L’arme nucléaire, obstacle à la construction européenne
De la même manière, l’arme nucléaire se retrouve en contradiction avec la volonté affichée pour la construction européenne.
Tous les États de l’Union sont opposés à une arme nucléaire européenne, sauf les Français, et les Anglais. Une étude minutieuse, réalisée par l’organisation Pax christi-Pays-Bas, démontre que la quasi totalité des États d’Europe (sauf la France et la Hongrie) considèrent la dissuasion atomique dite « tactique » comme obsolète et encombrante. D’ailleurs, les pays qui hébergent des armes nucléaires américaines – Allemagne, Belgique, Pays-Bas, Italie – ont vu leurs parlements prendre position pour le retrait de ces armes d’Europe.
Un État parmi 28 ne peut être accepté comme responsable d’une frappe nucléaire qui inévitablement va concerner l’ensemble de l’Union européenne ; ne serait-ce que par ses conséquences en terme de retombées radioactives…
Historiquement, la création de l’Union européenne a été la réponse pour éviter le retour de la guerre entre les ennemis des deux guerres mondiales… Ce n’est pas l’arme nucléaire qui a empêché une invasion soviétique mais la création de l’Union européenne qui a été une dissuasion par rapport à une gestion impossible d’une situation post-invasion.
Certains laissent croire que c’est l’arme nucléaire qui nous a évité la troisième guerre mondiale.
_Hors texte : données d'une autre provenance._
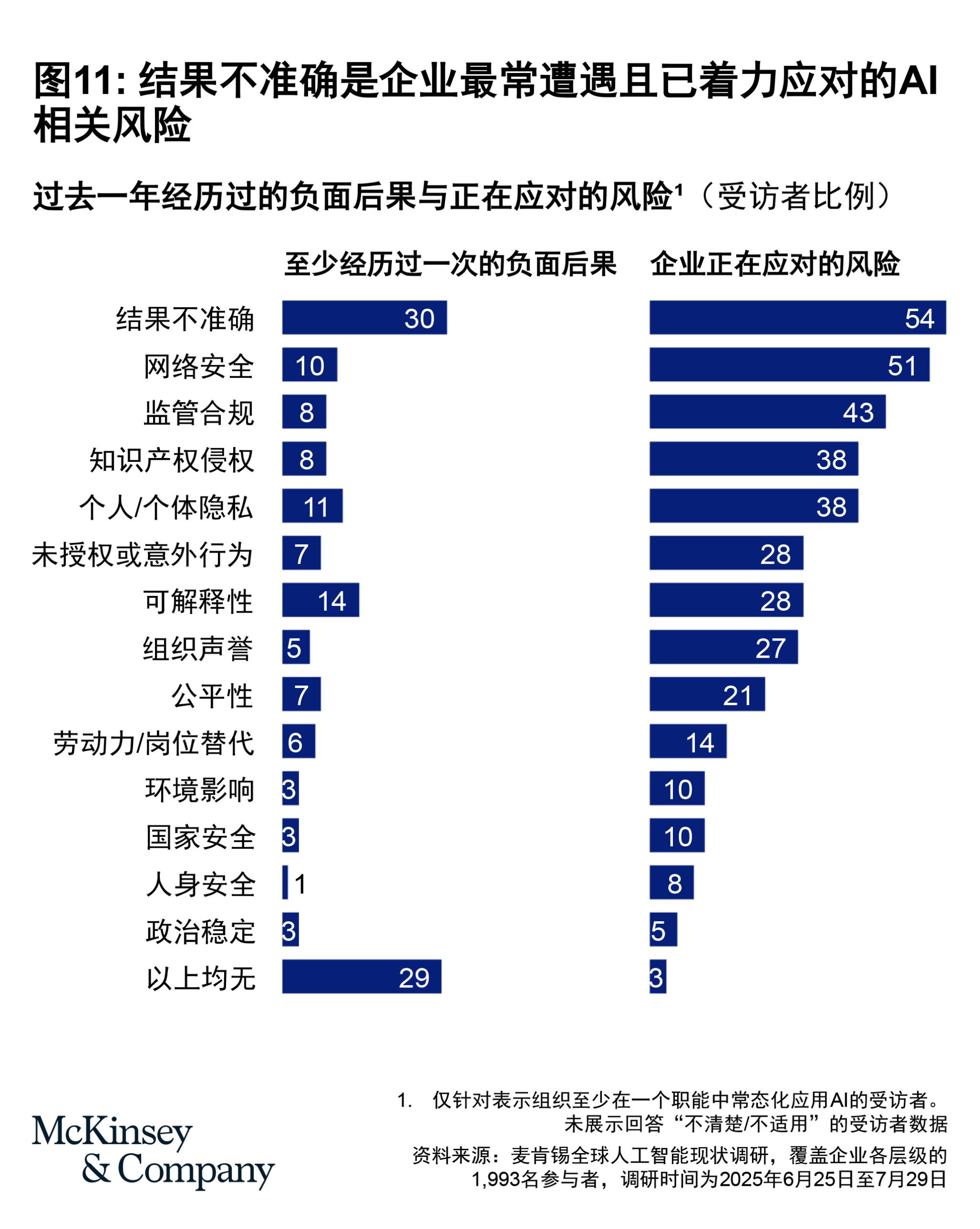 McKinsey Figure 11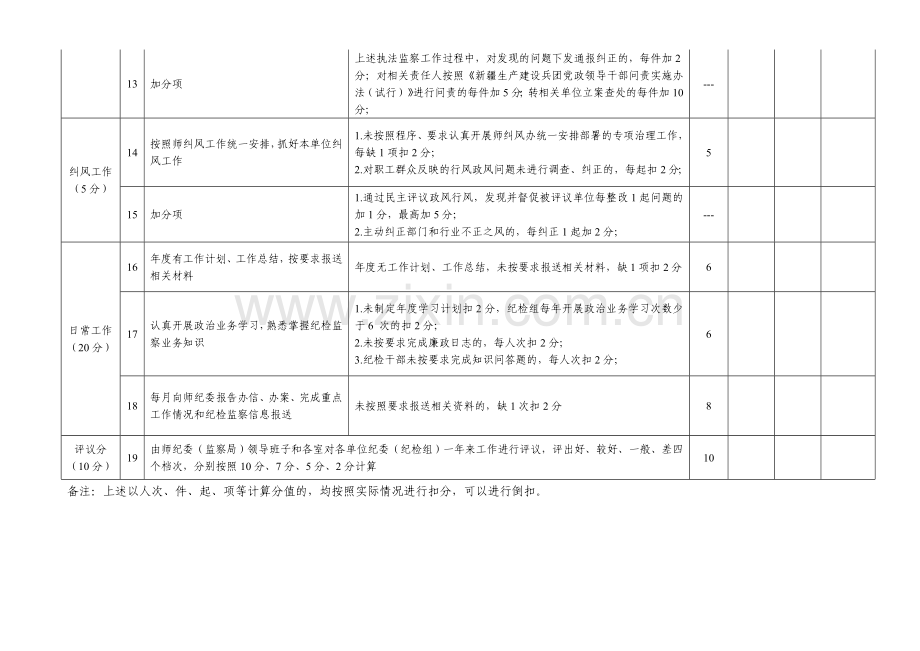 2013年度十三师纪检监察工作目标管理考核办法.doc_第3页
Notre analyse n’est pas celle-là. L’arme nucléaire a failli créer l’apocalypse, par chance nous avons survécu... Et comme le disait Gorbatchev, « chacun doit assurer la sécurité de l’autre ». Développer le partenariat de l’Union européenne avec la Russie offrirait de bien meilleures garanties de sécurité que le maintien des armes nucléaires.
L’arme nucléaire un obstacle à l’évolution internationale de la sécurité
L’arme nucléaire est l’instrument sur lequel s’est construit le nouvel ordre du monde issu de la Seconde Guerre mondiale. Ce que d’ailleurs le général de Gaulle avait bien compris quand dès 1945 il a lancé la France dans l’aventure de la bombe.
Aujourd’hui encore, cette arme continue de jouer un rôle structurant sur la scène internationale : « L’arme nucléaire apparaît comme le marqueur ultime de la puissance, rejetant tous ceux qui ne la possèdent pas dans une catégorie indifférenciée et subalterne et conférant à ses détenteurs une prééminence nouvelle dans la distribution de la puissance », note le chercheur Pierre Buhler dans son ouvrage sur La puissance au XXIe siècle (CNRS éditions, 2011, p. 75).
La stratégie de la dissuasion — toujours présentée comme une stratégie défensive — est avant tout un abus de langage destiné aux opinions publiques. L’arme nucléaire est certes depuis 1945, une arme politique qui n’a pas été utilisée sur le terrain — si on fait abstraction des essais nucléaires —, mais elle est une arme d’exercice de la puissance, une arme offensive, de pression, reposant sur le chantage, la menace d’anéantissement de l’autre, y compris à titre posthume !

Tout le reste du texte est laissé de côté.